Preise nach Region und Stadt
Die Niederlande weisen große regionale Preisunterschiede auf. Nachfolgend ein Überblick über die wichtigsten Bürostädte und ihre Mietpreisspannen 2026:
Amsterdam
Amsterdam bleibt der teuerste Büromarkt der Niederlande. Die Zuidas liegt mit Mieten von 375 – 450 EUR pro m² im absoluten Spitzensegment. Das Zentrum und Amsterdam-Süd bewegen sich um 275 – 375 EUR pro m². Sloterdijk und Zuidoost bieten günstigere Alternativen bei 175 – 250 EUR pro m² mit guter ÖPNV-Anbindung.
Rotterdam
Rotterdam hat in den letzten Jahren aufgeholt. Das Zentrum und Kop van Zuid liegen bei 200 – 300 EUR pro m². Die Brainpark-Gegend und Alexandrium bieten Büroflächen ab 130 – 190 EUR pro m².
Den Haag
Als Regierungsstadt verzeichnet Den Haag eine stabile Nachfrage. Das Zentrum und die Beatrixkwartier-Umgebung liegen bei 185 – 275 EUR pro m². Randlagen wie Leidschenveen und Ypenburg sind ab 110 – 160 EUR pro m² verfügbar.
Utrecht
Utrecht ist durch seine zentrale Lage und das wachsende Stationsgebied einer der am schnellsten wachsenden Büromärkte. Toplagen rund um den Hauptbahnhof verlangen 225 – 325 EUR pro m². Papendorp und Lage Weide liegen bei 120 – 185 EUR pro m².
Eindhoven
Die Brainport-Region profitiert vom Technologiesektor. Strijp-S und das Zentrum bewegen sich um 160 – 235 EUR pro m². Flight Forum und andere Gewerbestandorte sind ab 95 – 145 EUR pro m² verfügbar.
Weitere Städte
In Städten wie Groningen, Arnhem, Maastricht und Breda liegen die Mieten typischerweise zwischen 100 und 190 EUR pro m², abhängig von der spezifischen Lage und Qualität der Immobilie.
Die Zuidas in Amsterdam verlangt bis zu viermal mehr pro m² als ein vergleichbares Büro in Groningen — aber die Lage ist nicht der einzige bestimmende Faktor.

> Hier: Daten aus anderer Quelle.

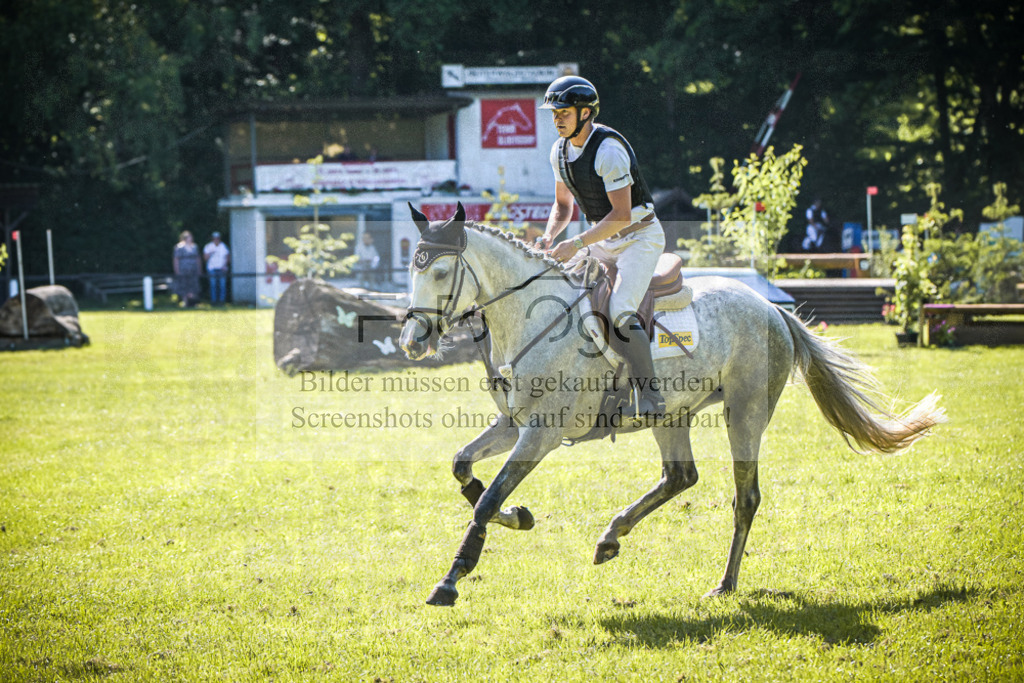 DOS_7280 | Entdecke hochwertige Reitturnierfotos von Foto Oger. Professionell, emotional und authentisch – jetzt Lieblingsmomente im Shop bestellen.Deutschlandweite Turnierfotografie. - Realisiert mit Pictrs.com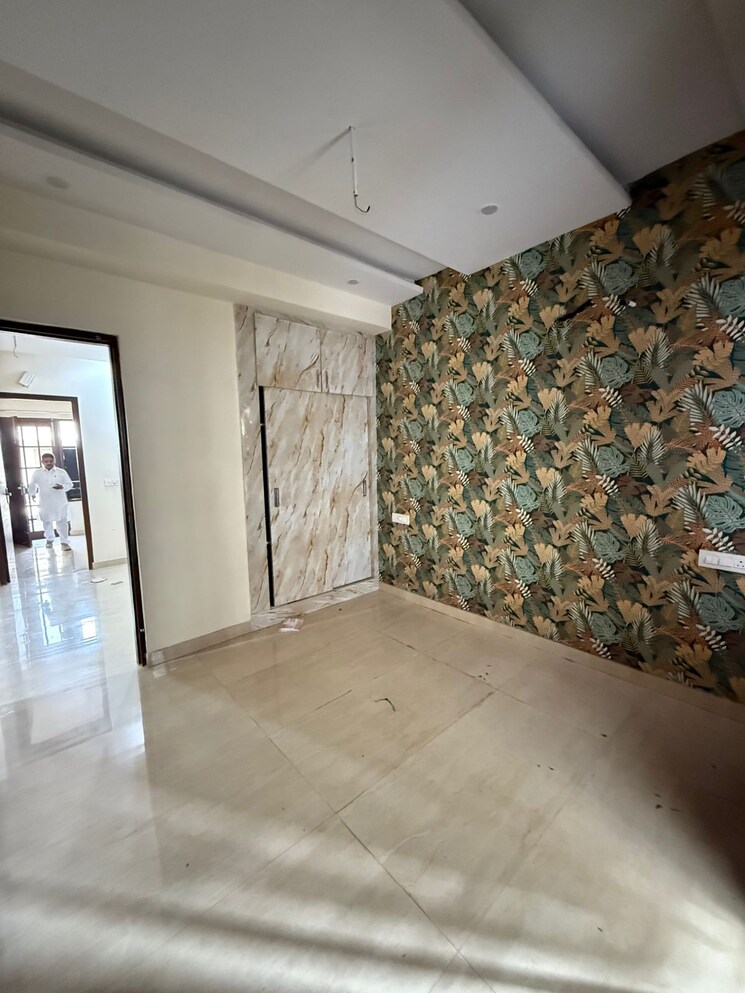 Room, guru-nanak-enclave 4 Bedroom 1350 Sq.Ft. Apartment In Dhakoli Zirakpur 9675673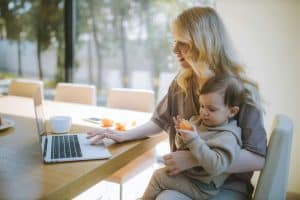 Read more about the article How to Master the Balance of Career and Parenthood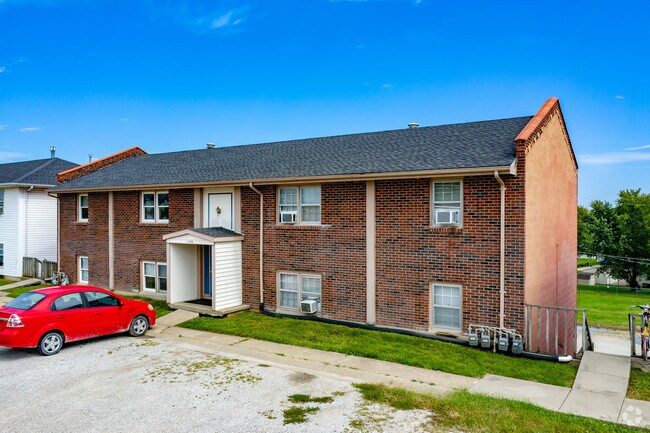 Building Photo - 1101-1109 S Camden St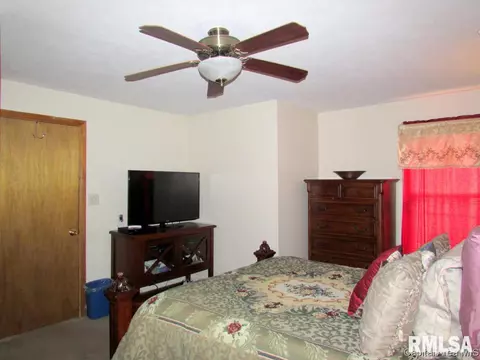 728 New, Springfield, IL 62704 photo 16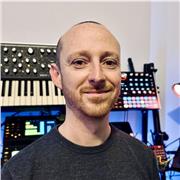 Compositeur sur Ableton Live depuis plus de 15 ans, je donne des cours de MAO.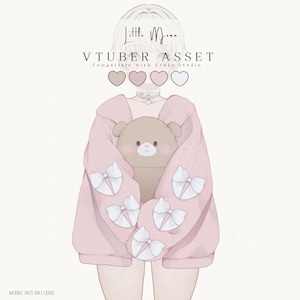 Può includere: Un'illustrazione digitale di un personaggio che indossa una felpa con cappuccio rosa chiaro oversize decorata con cinque fiocchi bianchi sulle maniche. Il personaggio tiene un orsacchiotto marrone e indossa un girocollo bianco con cuore. Testo Little Moon.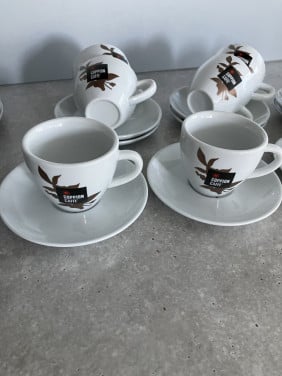 Te koop grote en kleine kop en schotels in goede staat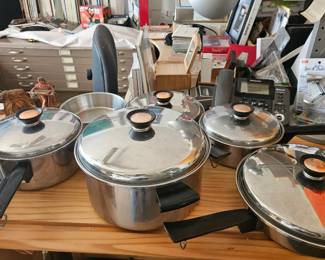 Duncan Hines cookware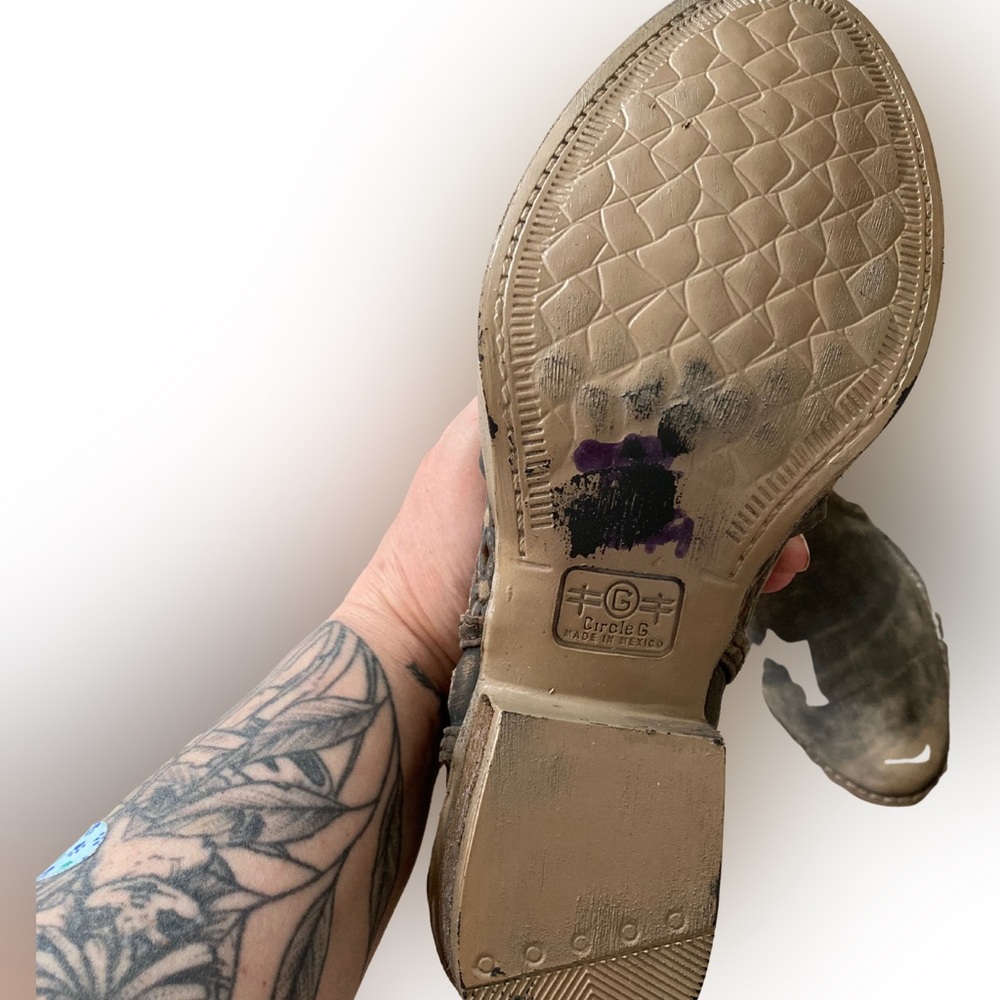 Circle G by Corral Distressed Leather Ankle Booties – Size 8 - Picture 8 of 13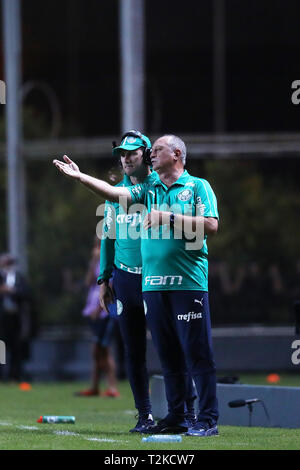 Buenos Aires, Argentine - 02 avril, 2019 : Luis Felipe Scolari (DT de Palmeiras) donnant des directives à son équipe dans le match contre San Lorenzo pour l' Banque D'Images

Was bestimmt die Miete pro m²?
Der Mietpreis pro Quadratmeter wird durch ein Zusammenspiel verschiedener Faktoren bestimmt. Wer diese versteht, kann besser verhandeln und bewusster wählen.
Lage
Der wichtigste Preisfaktor bleibt die Lage. Innenstadtlagen in der Nähe von ÖPNV-Knotenpunkten und Einrichtungen kosten strukturell mehr als periphere Standorte. Die Nähe zu einem Intercity-Bahnhof kann den Unterschied zwischen 150 und 250 EUR pro m² ausmachen.
Baujahr und Zustand
Neubauten und kürzlich renovierte Objekte liegen 20–40 % höher im Preis als veraltete Büros aus den 1980er und 1990er Jahren. Moderne Grundrisse, gute Dämmung und zeitgemäße Optik rechtfertigen den Aufpreis für viele Mieter.
Ausstattungsniveau
Eine voll ausgestattete Büroetage mit Empfang, Besprechungsräumen und Gemeinschaftseinrichtungen kostet mehr als eine rohbauähnliche Fläche. Der Unterschied kann 30–50 % über der Kaltmiete betragen.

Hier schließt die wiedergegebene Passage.